§ What you have to do
After finding the line with "al turismo es" in the data below, set down exactly each line through the one with "22 Cavalier Crescent, Boulder", inclusive, and stop there.

§ The data
※

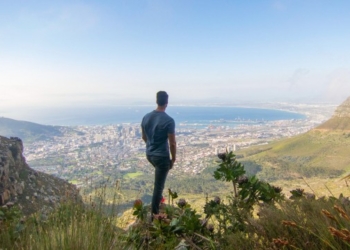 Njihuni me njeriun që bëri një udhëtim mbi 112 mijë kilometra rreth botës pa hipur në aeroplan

※

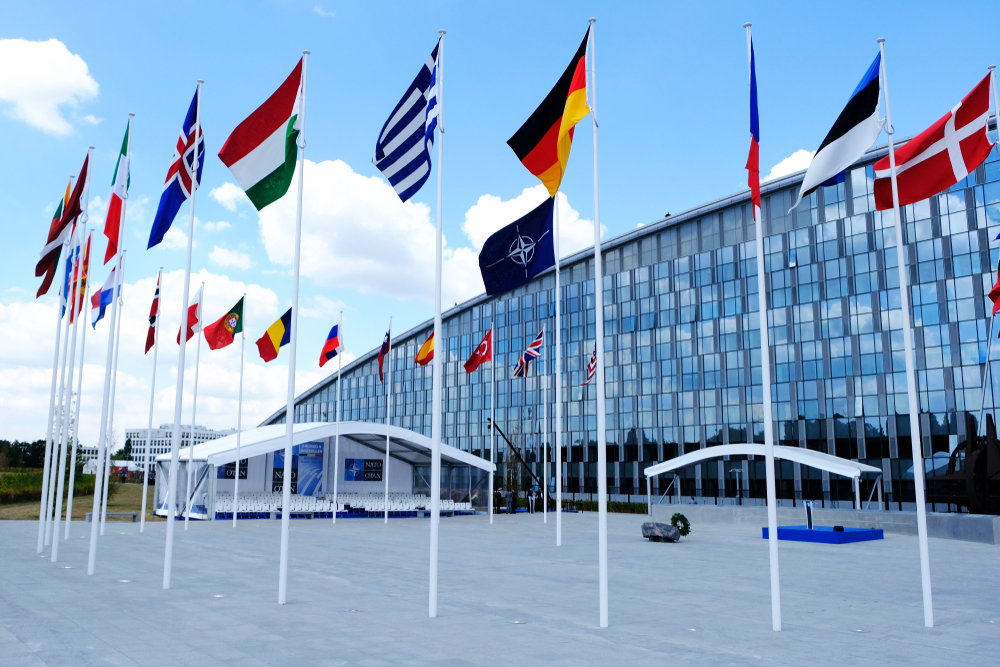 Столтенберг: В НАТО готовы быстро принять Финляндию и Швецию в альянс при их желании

※

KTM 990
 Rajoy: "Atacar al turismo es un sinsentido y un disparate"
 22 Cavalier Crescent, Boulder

※

§ Answer to the problem
 Rajoy: "Atacar al turismo es un sinsentido y un disparate"
 22 Cavalier Crescent, Boulder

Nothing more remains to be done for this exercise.